The Air is a full Macintosh so it runs most anything in the Macintosh library. The Air ships with iLife, Apple’s media suite that includes iPhoto, iMovie, iDVD, Garage Band, and iWeb. You can also run more professional level software, which the iPad does not have, like Microsoft Office 2011, Adobe Photoshop CS5, Apple Lightroom 3, or QuarkXpress 9.
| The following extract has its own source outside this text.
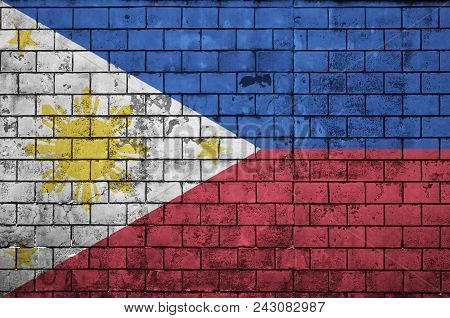 Philippines Flag Is Painted Onto An Old Brick Wall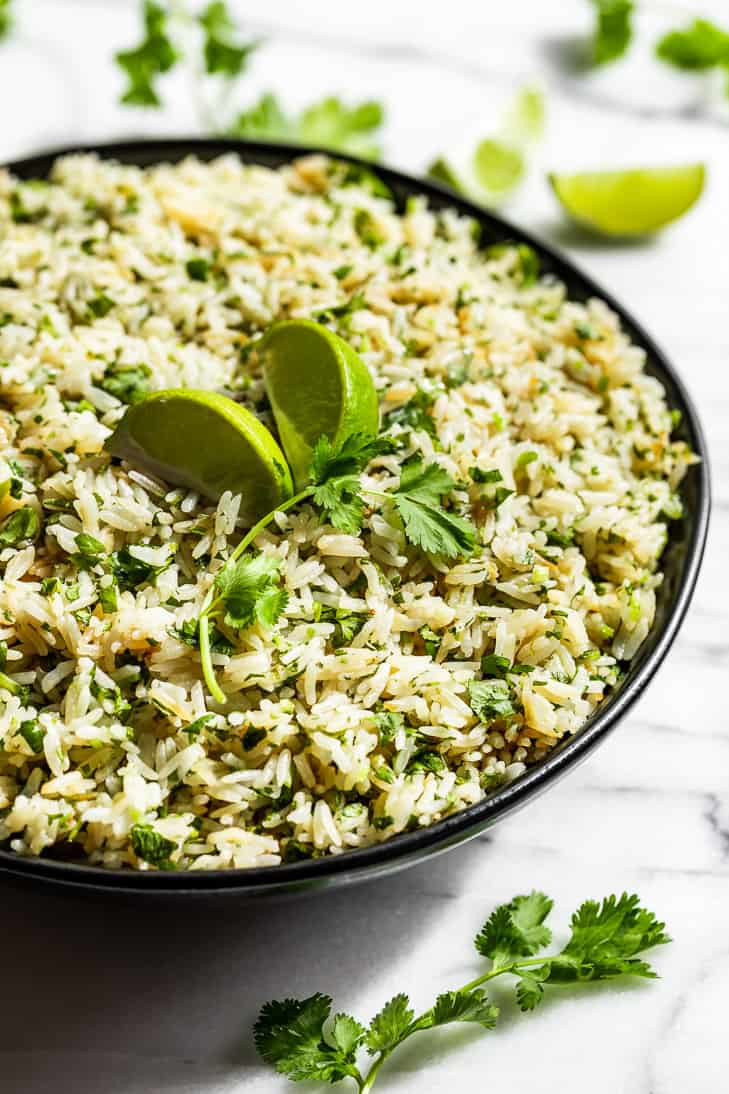 A black bowl filled with Cilantro Lime Rice with lime wedges and cilantro on top.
On the CON side, there is surprisingly little I can add. Maybe I’m biased, but when comparing an Air to an iPad there isn’t much that can be said. If you compared an Air to maybe a MacBook Pro there are a few things, but to an iPad, what can you say. The Air is slightly larger and weighs more. It is more complex than an iPad, which even if you’ve never used a computer before, you can quickly learn to use. The Air does not have the ability to connect to a cellular 3G network without additional hardware. Software for Mac OS is more expensive than for iOS (there are plenty of iPad Apps out there that are either free or less than $2).

Sorry, that’s all I can come up with. For my money, and the configurations I chose, the Air is a better deal. If I had $1000 to spend on a computer I would get an Air without even thinking. To be fair, you don’t have to spend a thousand dollars to get an iPad 2. The base model with 16GB of storage and only WiFi access is $499. If you don’t the extras (case, keyboard, USB, Video out) and the base model will work for what you need to do, then the iPad is half the price of the Air and a much better deal.

If want to be able to get on the Internet, do email, chat, read e-books, watch movies and videos, listen to music, but don’t want to deal with learning a ‘computer’, then the iPad 2 is the perfect choice. It really is a revolutionary product and one that has raised Apple to a whole new level.